The next morning I woke up a 7 and scooted the 15 miles to Pleasant Grove to babysit and clean. Oh and this time it was 32 degrees.

Later that night after a waaaay too long ride home (BYU football traffic)
I went to that BYU football game with Brooke, and it was surprisingly fun. First realish football game I have ever been to.
After that we went to the desert and dropped gasoline filled milk jugs down a huge old mine shaft. That was quite terrifying but cool too. IT might require a whole post to itself.

Saturday night... I sat at home. Yep.. thank you general conference.

YAY for being 20

Saturday, September 26, 2009

To You, YES YOU... who read.

So if you read my blog, you should leave a comment. That way I know who is getting an eyeful about my life and also, those who's spirits I may be touching. Really deep down to the pit. Oh and if you don't have an account or something so can't leave one... just send me a little facebook tid bit r something.

Thanks
MUCH MUCH LOVE

I Hope I Never Go Insane

There is a sad fact about life. Pregnant women are crazy. For the 9 months that they are with child, they could probably be institutionalized. They probably should. Men around the world would be much safer.
Another, somewhat crazy thing about life, is that girls' clocks start ticking. Oh yes. And way earlier than they should or often are wanted. At about, eh, 20, every time a girl sees a baby, her heart does a little flip. And then it sinks, because well she doesn't have one (That is if she doesn't already. They are popping them out pretty early now a days). But then she gets her active imagination going. And Oh how it goes! She'll start with thinking about cute clothes that she would dress her baby in. Then grows into "Oh that name would be so perfect!"... And THEN it quickly progresses (hurdles actually)... to "Oh well HE would make beautiful babies with me". Yes that is what happens when a girl sees a baby. But what most of "THAT GIRL" fails to think about is the 9 months of having her eggo- preggo.

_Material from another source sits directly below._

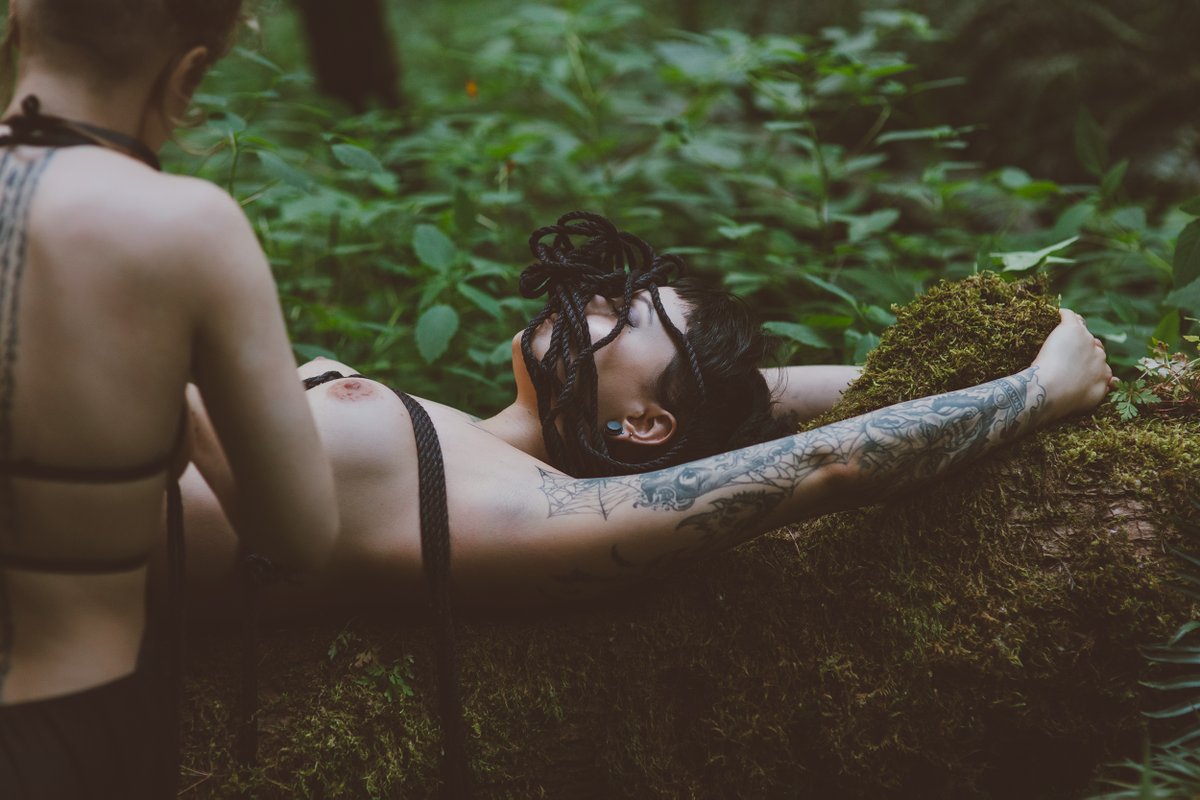 CorwinPrescott's tweet photo. I find so much joy in capturing what unfolds whenever @chuckfaerie is around.  This scene with them and @otherworldly666 had so many amazing moments and I relish every struggle to tell their story.

https://t.co/vU0jb5281a https://t.co/UfHplkx9ZJ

She will be insane. When her doting husband is so busy that he fails to do the dishes the first time she asks, she will cry. NO, she will sob and become absolutely hysterical. There will be no reasoning. This hysteria will hurdle to become chaos. There will most likely be a battle. Words of hatred will fly and she will definitely try to do some serious damage to that oh so confused hubby. He will even do the dishes, but it won't help. She'll lock her self in the bathroom to "cool off", but instead it is actually so hot in there that she gets even more agitated. She'll storm out and tell him to leave because she doesn't like him right now. And then she'll start acting like she is 4 and pouting until she throws her self onto the bed. Not until this moment when dear hubby is being super sweet to her, does she slightly recognize that she is being a little bit ridiculous. But will she admit it and apologize? OH Heck NO! She is way too strong of a woman to do THAT. So she guilts poor the poor boy until he leaves her and brings her gifts later.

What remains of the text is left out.